■ PROBLEM TO WORK ON:
Print again, word for word, all of the records below, and leave the pictures out.

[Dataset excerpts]
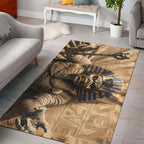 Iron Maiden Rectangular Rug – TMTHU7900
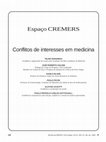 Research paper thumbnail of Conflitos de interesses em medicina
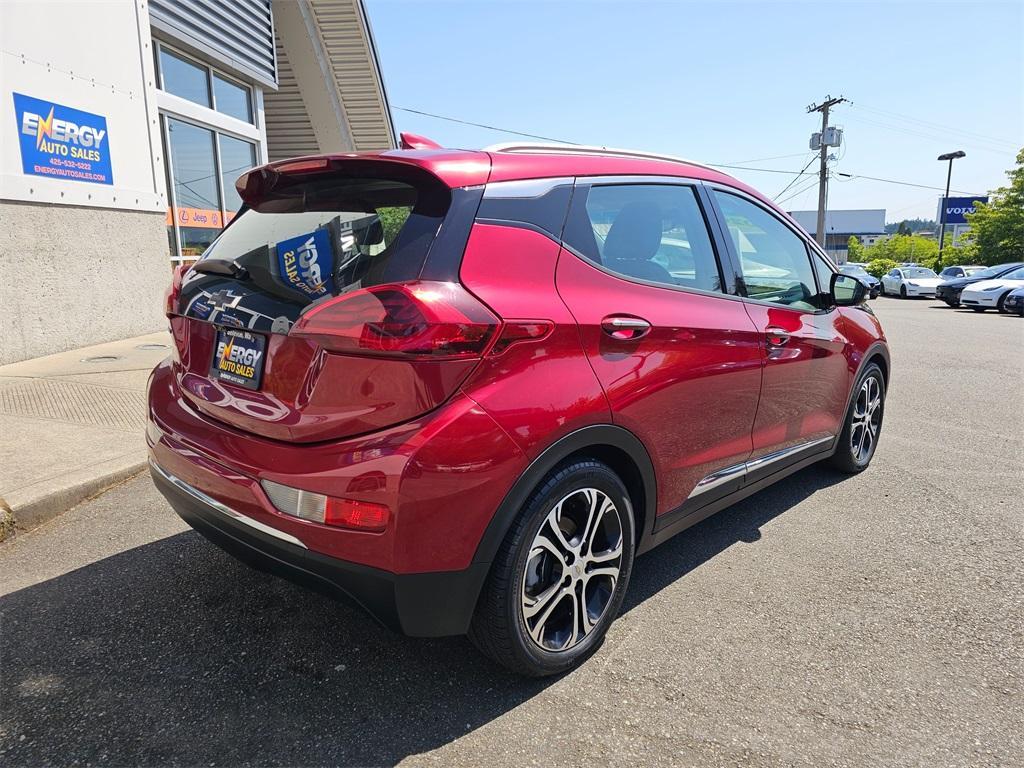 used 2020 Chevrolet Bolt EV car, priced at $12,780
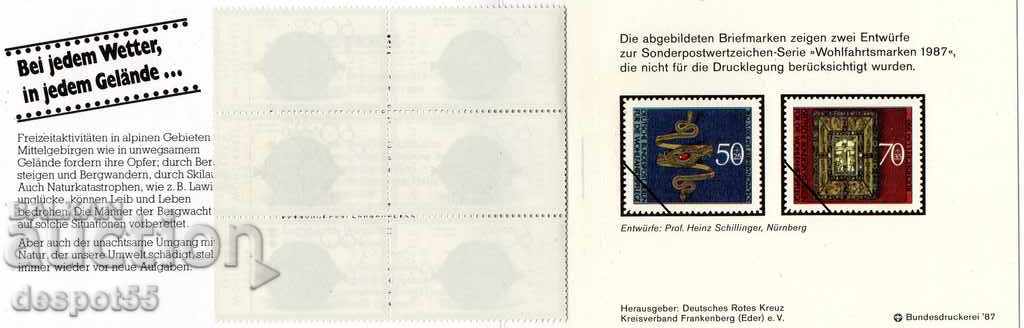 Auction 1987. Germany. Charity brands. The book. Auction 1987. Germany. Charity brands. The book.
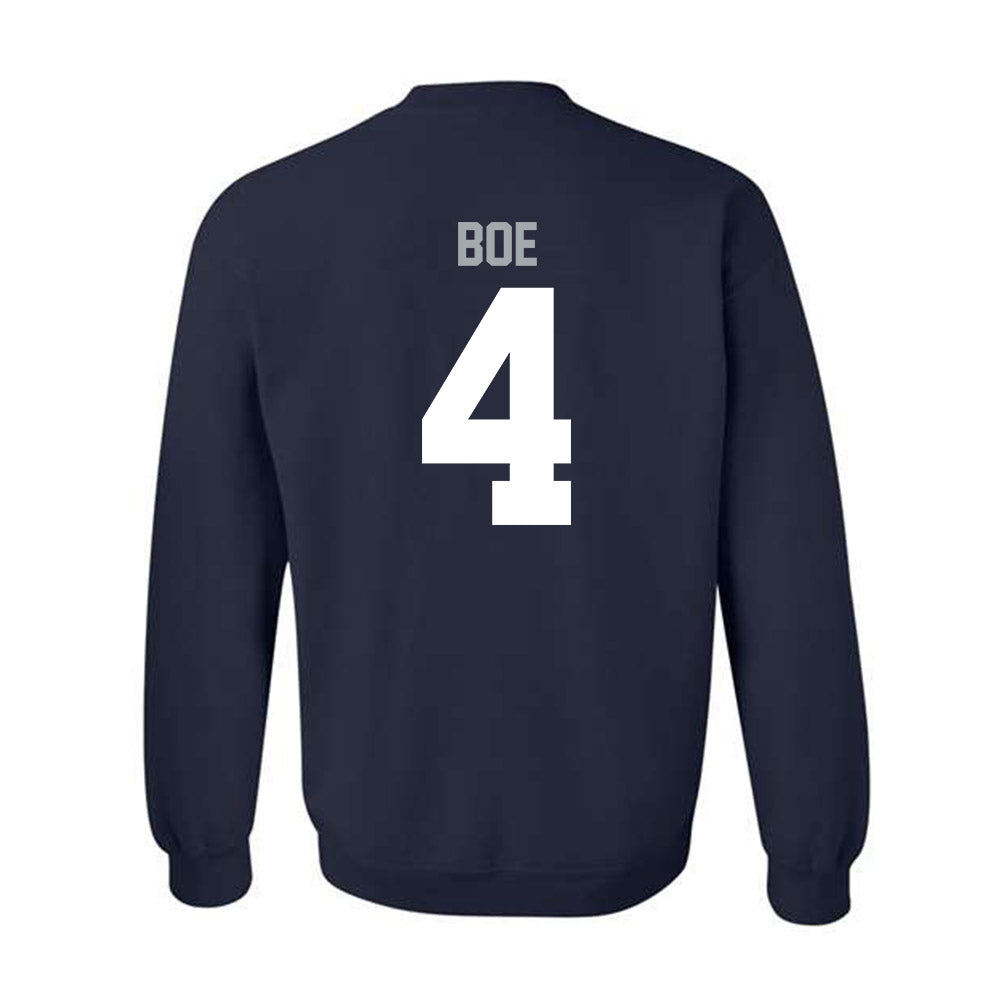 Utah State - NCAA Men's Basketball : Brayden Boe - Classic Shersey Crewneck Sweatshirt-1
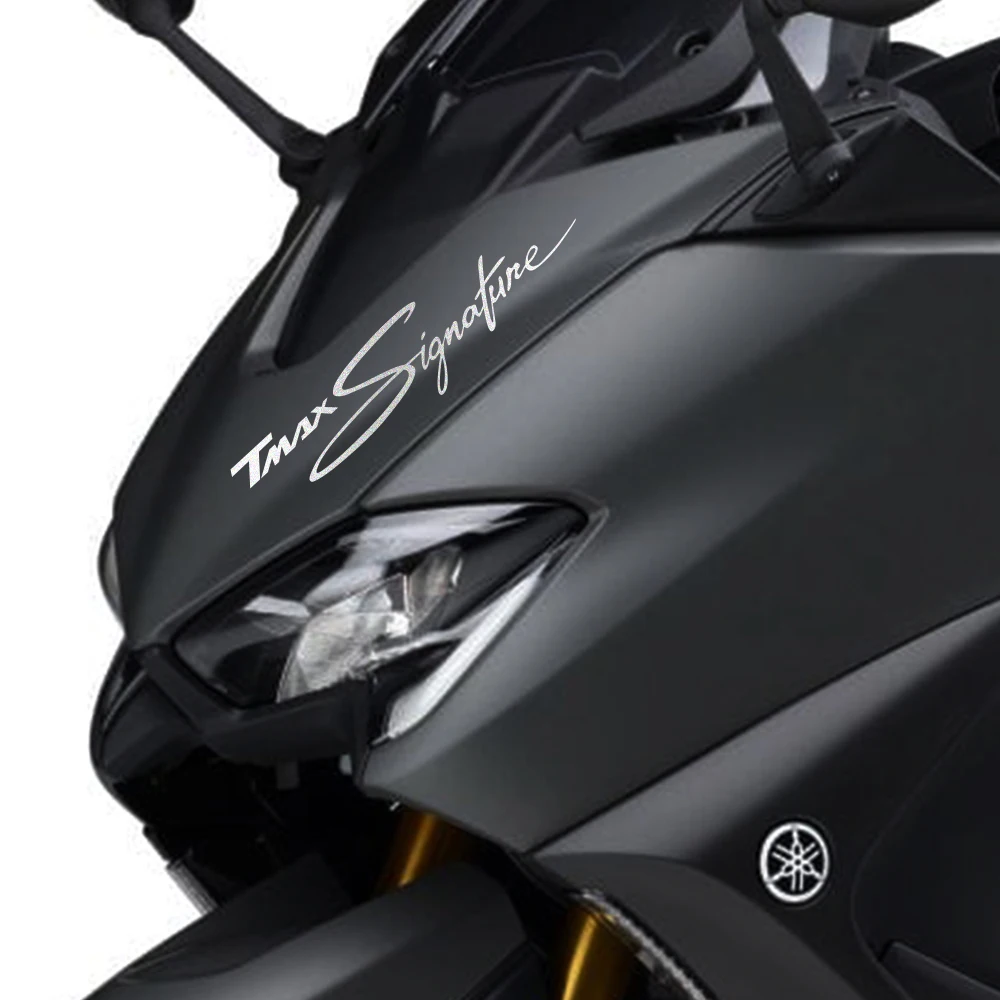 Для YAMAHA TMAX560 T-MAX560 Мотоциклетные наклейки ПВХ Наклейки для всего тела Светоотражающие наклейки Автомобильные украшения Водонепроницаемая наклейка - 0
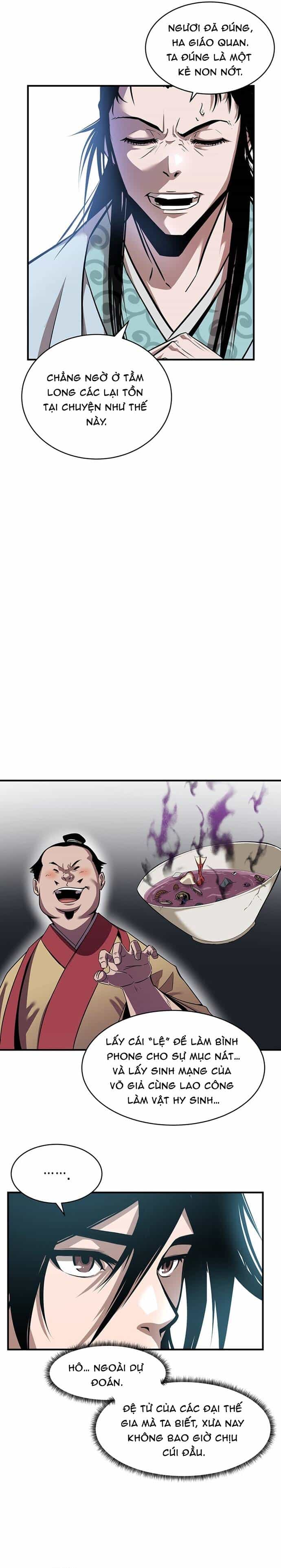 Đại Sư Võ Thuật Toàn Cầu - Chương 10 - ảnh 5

■ SOLUTION TO THIS PROBLEM:
 Iron Maiden Rectangular Rug – TMTHU7900
 Research paper thumbnail of Conflitos de interesses em medicina
 used 2020 Chevrolet Bolt EV car, priced at $12,780
 Auction 1987. Germany. Charity brands. The book. Auction 1987. Germany. Charity brands. The book.
 Utah State - NCAA Men's Basketball : Brayden Boe - Classic Shersey Crewneck Sweatshirt-1
 Для YAMAHA TMAX560 T-MAX560 Мотоциклетные наклейки ПВХ Наклейки для всего тела Светоотражающие наклейки Автомобильные украшения Водонепроницаемая наклейка - 0
 Đại Sư Võ Thuật Toàn Cầu - Chương 10 - ảnh 5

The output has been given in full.